In the 2015-2016 football season assistant principal, Lymos McDonald took over as head coach. The next season, he led the boys to the first round of the state playoffs in 14 years. In the first round of the playoffs the Indians fell to Suminton Christian. Coach Lymos McDonald continues as head football coach now.
In the 2017-2018 football season the Indians fought their way all the way to the 3rd round of the 1A State Playoffs before falling to Pickens County.

===Baseball===
From 1937 to 1950 not a lot has been found about Cherokee baseball. From 1951 to 1973 the school did not field a baseball team. Only the city league was available to the players. In 1974, Bud Mills started baseball again at the school and have fielded a team every year since then. Other than Mays and Mills, Brad Bradford and Richard Phillips are the only former coaches to this point to lead the Indians. Wade Turberville was the current coach of the Indians baseball team at that time.

Coach Richard Phillips, along with his long-time assistant Kenny Aycock, amassed 403 career victories in 29 years as the head coach. During those 29 years, he also led the Indians to 16 Area Championships and 19 Play-Off Appearances. Of those 19 appearances, 4 years ended in losses in the State Semi-finals, and 4 years ended as the State Runner-Up. 2002 was the last time the Indians made an appearance in the State Play-offs. They lost to Gordo in the State Semi-Finals during that year.

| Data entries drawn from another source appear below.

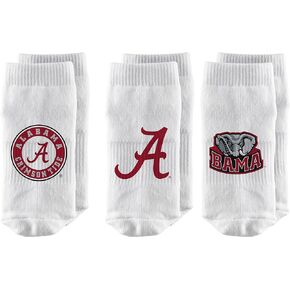 Strideline NCAA Infant Baby Socks-3 Pack-White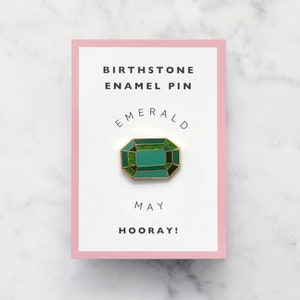 Emerald Birthstone Pin May Birthday Gemstone Pin Hard Enamel Pin Enamel Pin Set Pins Birthday Token Gift Pin Badge image 2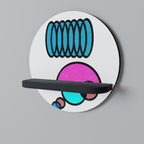 GEOMETRIC RHAPSODY Prateleira Redonda Decorativa em Acabamento Preto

In 2017, Jerry Long and Scotty James took over the varsity boys team and led them to the first round of the state playoffs since 2002. They won the first round but fell to Cedar Bluff in the second round.

===Basketball===
The 2007-08 basketball team was ranked in the top 10 in the state for class 2A and led by long-time assistant Kenny Aycock.
The 2008-2009 team made it to the playoffs and was three games away from making it to the state championship.

==Notable alumni==

- Senator Bobby Denton
- Cecil Dowdy - University of Alabama football star during the coaching years of Paul "Bear" Bryant.
- Bill Alexander, Auburn University basketball player 1967-70.